Tim Pettus said that the Williamses’ parents inspired him and his wife as parents. “Venus and Serena’s parents had a plan for their children, and they worked hard to make that plan come true, and those girls took it and did exactly what their mother and father asked them to do: Be the best. And they were,” he said.

Tammy Felton, 61, has been following Williams from the very beginning: She was inside Arthur Ashe Stadium when Williams captured her first singles title here in 1999. Felton, who is from New Jersey, has been attending the U.S. Open a long time, often bringing her daughters with her.

“She was this young, African American fighting for her place in the tennis world that was primarily white, it was great just to see her starting and making history,” Felton said, adding that Williams taught her “determination, being persistent, just learning to be the best even when the odds are against you.”

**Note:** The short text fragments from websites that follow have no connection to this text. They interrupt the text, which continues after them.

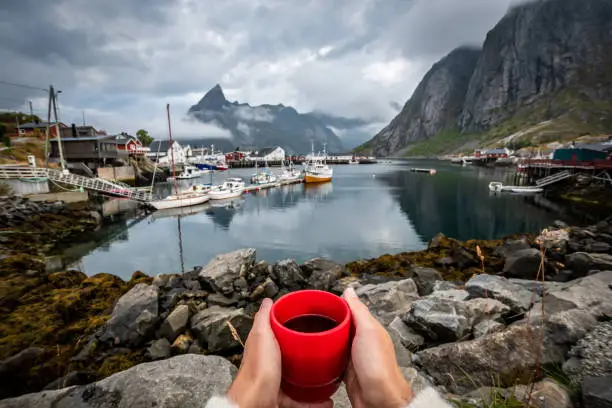 POV photo of a woman having a coffee in the fishing village of Hamnøy in the Lofoten Islands with mountain range and cloudy sky in background during summer.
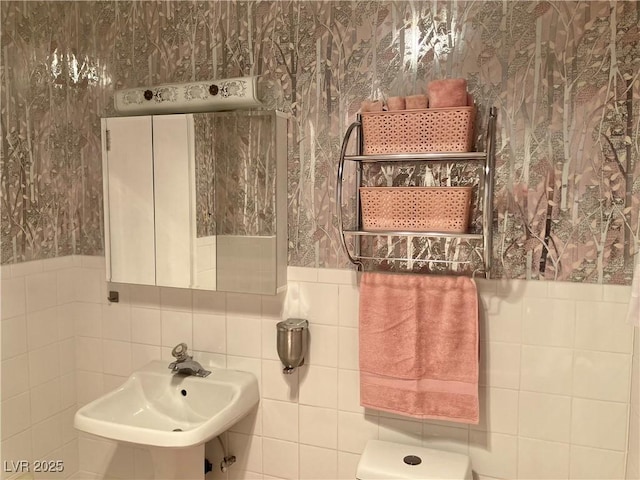 bathroom featuring a sink, a wainscoted wall, and wallpapered walls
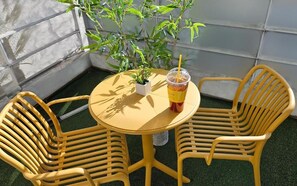 Een klein rond tafeltje met twee gele stoelen, een plastic beker met rietje en een kleine potplant op tafel.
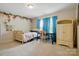 Bright bedroom featuring light-colored walls, white carpet and decorative floral accents at 161 Leaning Tower Dr, Mooresville, NC 28117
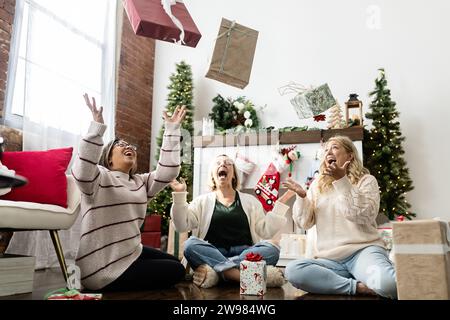 Frauen, die eingepackte weihnachtsgeschenke in die Luft werfen Stockfoto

Felton was inside the stadium during Williams’ final match, and felt anxious the whole time. She said she was “just glad to witness it. It just meant so much to see the greatest player of all time play her final match.”

The match was bittersweet for Natalie Pressey, 59. She wanted Williams to win but was pleased by how Williams was “gracious, even in losing.”

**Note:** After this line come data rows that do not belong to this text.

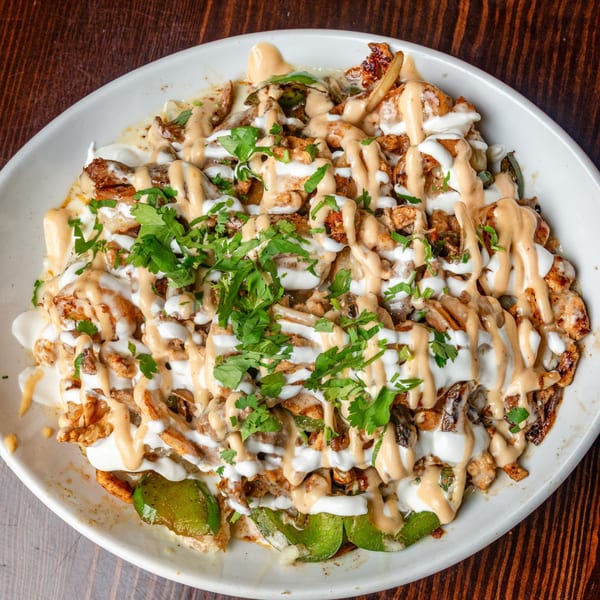 Happy Mexican's chicken fajita nachos, topped with sour cream, chipotle sauce, and fresh cilantro.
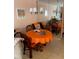 Dining area with a round table and chairs, featuring a mirrored wall that enhances the sense of space at 3730 42Nd S Way # K, St Petersburg, FL 33711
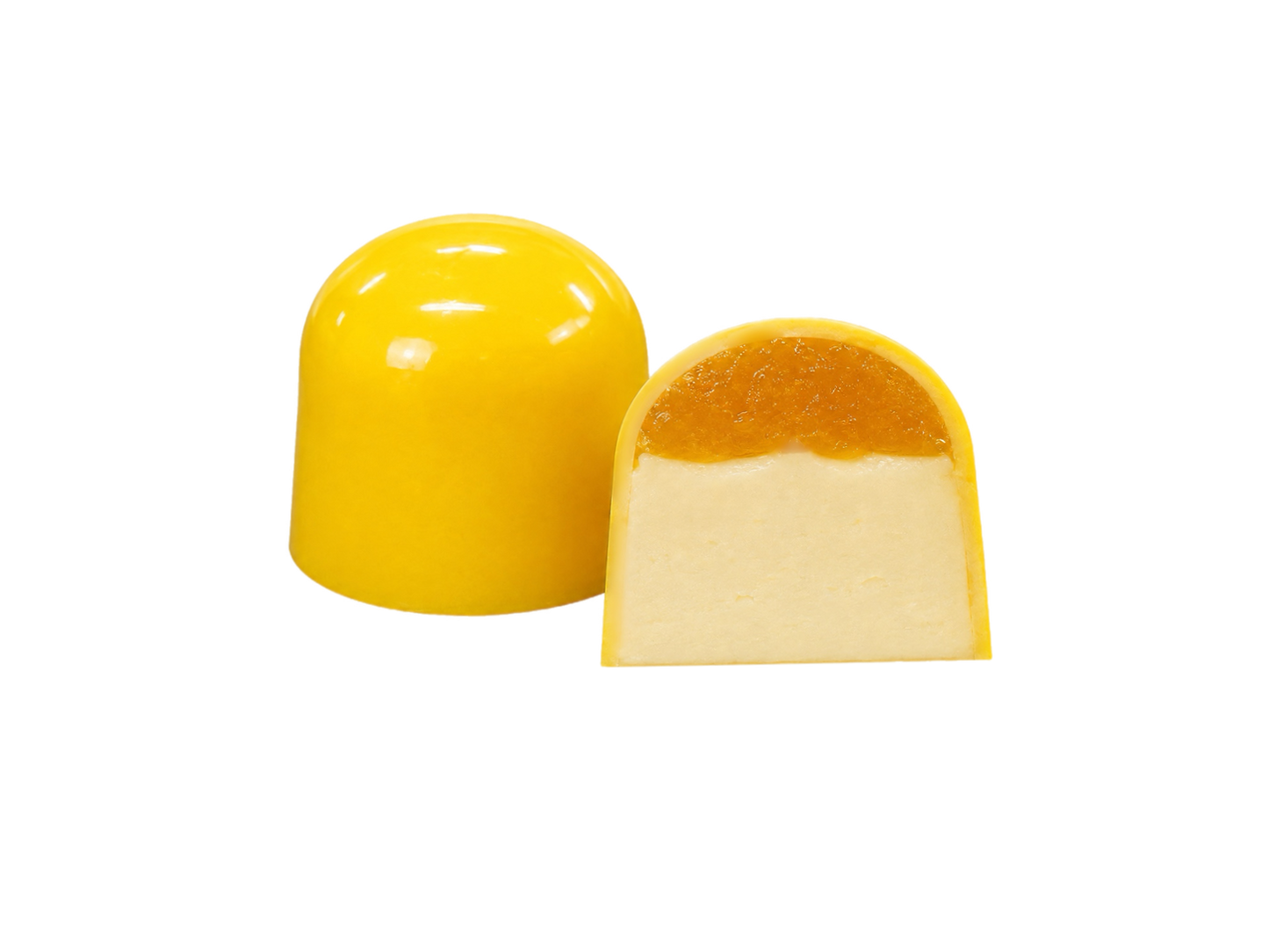 Дві жовті цукерки у формі купола «Millennium Craft Mango & Coconut with Stevia» від Millennium Chocolate виготовлені з білого шоколаду. Одна з них ціла, а інша розрізана навпіл, щоб було видно кремово-білу начинку з кокосового пюре, покриту яскравим шаром мангового мармеладу. Обидві цукерки розміщені на однотонному білому тлі.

Williams has done so much, especially for Black women, Pressey said.

“As Black women, we don’t show our true selves all the time, so we have to live in this world where we are constantly shifting,” she said. “But from Day 1 with the beads, you didn’t get any more Black than that.”

“She was herself and you just always wanted to cheer, you felt your blood boil every time you saw her, it’s like ‘Yes, girl. Yes,’” Pressey said.

Her husband, Keith Pressey, 61, also of New Jersey, said he began following tennis because of the Williams sisters because “they were different, they were unapologetic for who they were and it caught my attention, and they were good.”

Felton and the Presseys were part of a group of 65 members of Jack and Jill, a Black social club, who were brought to the U.S. Open by Shirell A. Gross, 55, a former program director for Jack and Jill of River Vale, New Jersey. The group has a partnership with the USTA’s diversity and inclusion office, and plans to bring 133 more members to the tournament on Saturday.

“This is a great opportunity as an African American mothers organization to come and see this, essentially Black mother playing with such power and force,” Gross said.

Some of sport’s other greatest athletes, including Tiger Woods, also paid tribute to Williams. “You’re literally the greatest on and off the court,” Woods tweeted Friday night. “Thank you for inspiring all of us to pursue our dreams. I love you little sis!!!!!!”